The Advantage proprietary file format is optimized for use by Advantage and thus provides better performance for certain operations versus performing those operations on Xbase files.
Advantage proprietary ADI index files support per index order write locking and updating. Thus, if an ADI index file contains multiple index orders, then different Advantage applications can obtain a write lock and make updates to different index orders in the same index file at the same time. This "per index order write locking and updating" functionality does not exist in Xbase file formats. If you have compound index files with many index orders, and concurrent updates to the database are occurring, the updates of the index files will be faster with Advantage proprietary index files than with Xbase index files.
When reading memo field data with Xbase file formats, it requires two operations be sent to the Advantage Database Server.

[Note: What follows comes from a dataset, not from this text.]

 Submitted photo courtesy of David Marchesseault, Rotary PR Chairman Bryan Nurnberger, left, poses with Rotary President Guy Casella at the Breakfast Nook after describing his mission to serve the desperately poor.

One to get the length of the memo data from the memo file, and the other to read that length of memo data from the memo file. With the Advantage proprietary file format, the length of the memo data is stored in the memo field in an ADT record. Therefore it requires just a single operation be sent to the Advantage Database Server to read memo data. Retrieval of ADM memo data should be nearly twice as fast as retrieval of Xbase memo data.
Advantage proprietary ADI index key data is always stored in binary collating order. Internal comparisons of ADI keys can always be done with a simple left to right comparison, regardless of data type. Xbase index file key data is not always stored in binary collating order. Conversion of Xbase key data is sometimes necessary before comparison operations can be performed. When using non-USA collation with character data index keys, Xbase key data comparison is always adversely affected. Index lookups and updates will almost always be faster with the Advantage proprietary file format than with Xbase file formats.
Xbase file formats do not remove deleted records from DBF tables, nor are index keys that reference those deleted records removed from index orders. If an application is configured to "hide" deleted Xbase records, those deleted records must be filtered out by the Advantage Database Server even when traversing the data in indexed order. The Advantage proprietary file format never has index keys referencing records that have been deleted. Deleted record filtering is never necessary when traversing data in an indexed order. Thus, record traversal in indexed order will be faster with the Advantage proprietary file format than with Xbase file formats.
When appending or inserting records into an Xbase table, a new record is always added to the end of the table. When appending or inserting records into an Advantage proprietary file format table, a record that has been previously deleted will be reused rather than adding a new record to the end of a table. Since increasing the size of a file takes time, appends and insertions of records into a table will be faster on average with Advantage proprietary tables than with Xbase tables.
The Advantage Transaction Processing System (TPS) uses internal lists in memory to keep track of what data is pre-transaction data, which is only visible to the applications not involved with the transaction, and what data has been updated within the transaction, which is only visible to the application in the midst of the transaction. This TPS visibility functionality is slightly faster with Advantage proprietary file format than Xbase file formats due to extra data stored in the record that indicates to the Advantage Database Server which user has updated the record during a transaction.
Several field types take less storage space with Advantage proprietary ADT tables than with Xbase DBF tables. This leads to smaller record sizes with ADTs than with DBFs. Smaller record sizes mean less data on the network, and thus faster transfer of records across the network when using Advantage proprietary tables rather than Xbase tables.